The Bibby Stockholm is a symbol of Britain’s failed migration policy

Philip Johnston

What is it about floating accommodation that inspires hysteria, unless it is a cruise liner? The Bibby Stockholm, a barge that the Government is using to house asylum seekers, has become emblematic of a failed policy and the focus of activists seeking to undermine Britain’s efforts to control illegal migration.
We’ve been here before, In 1997, the then Tory-run Home Office ordered a floating barge to accommodate prisoners because of severe pressures on the system. It was called the Bibby Resolution, a sister ship of the Bibby Stockholm currently causing such consternation, and was also moored at Portland in Dorset, where it was renamed HMP Weare. There were objections by prison campaigners, who likened the barge to the dismasted hulks moored in the Medway during the Napoleonic Wars. Magwitch once again loomed out of the mists.
Local people protested, as they are doing now, and Labour complained. But since the party was on the cusp of taking office, shadow ministers were mindful that the problem of where to put the overflow would soon be clogging up their in-tray, as it will be again if they win power next year.

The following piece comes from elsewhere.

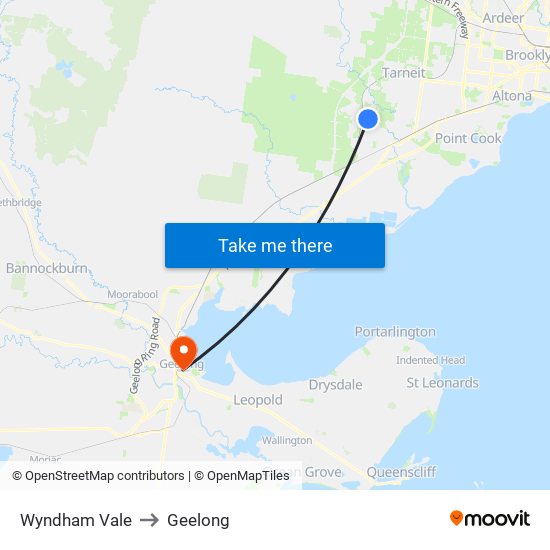 Wyndham Vale to Geelong map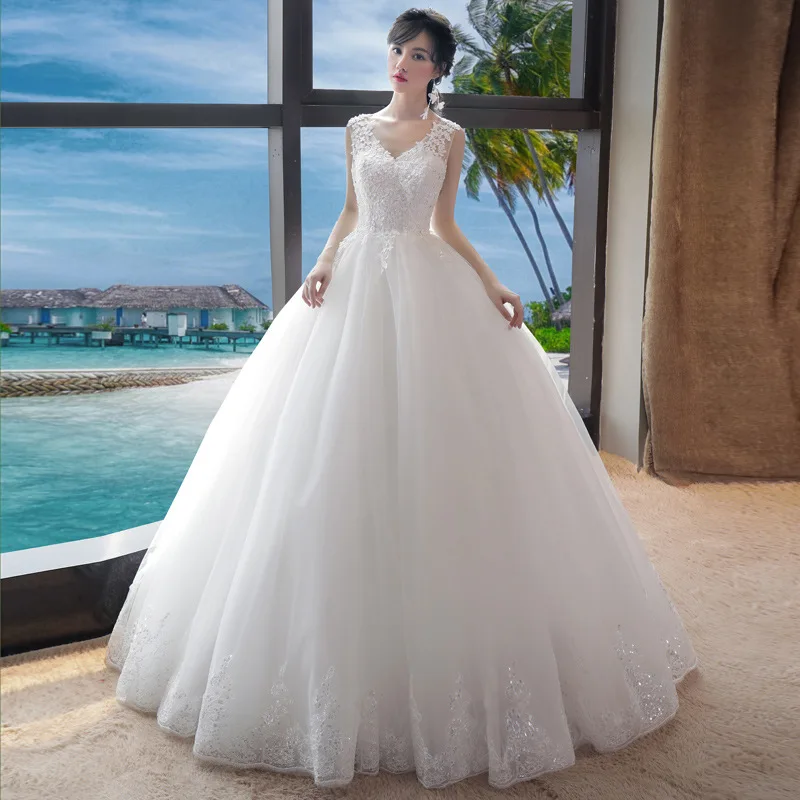 Elegant Laceชุดแต่งงานTulleคลาสสิกVคอแขนกุดVestido De Noiva Elegant SimpleยาวRobe Mariage Femme Plusขนาด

For that reason, Labour is today not actually prepared to say barges or camps or tents or hotels should not be used to house the small boat arrivals, only that the Government should not have got into the position where they are necessary.
Labour kept the floating prison until 2006 when it was sold to Nigeria. By that time, the prison population had risen from just under 60,000 when the party took office under Tony Blair to 80,000. The latest controversy surrounding a Portland barge is somewhat different in that the occupants are not prisoners, though you would be hard put to know that, judging by some of the hyperbole the issue has attracted, not just here but overseas.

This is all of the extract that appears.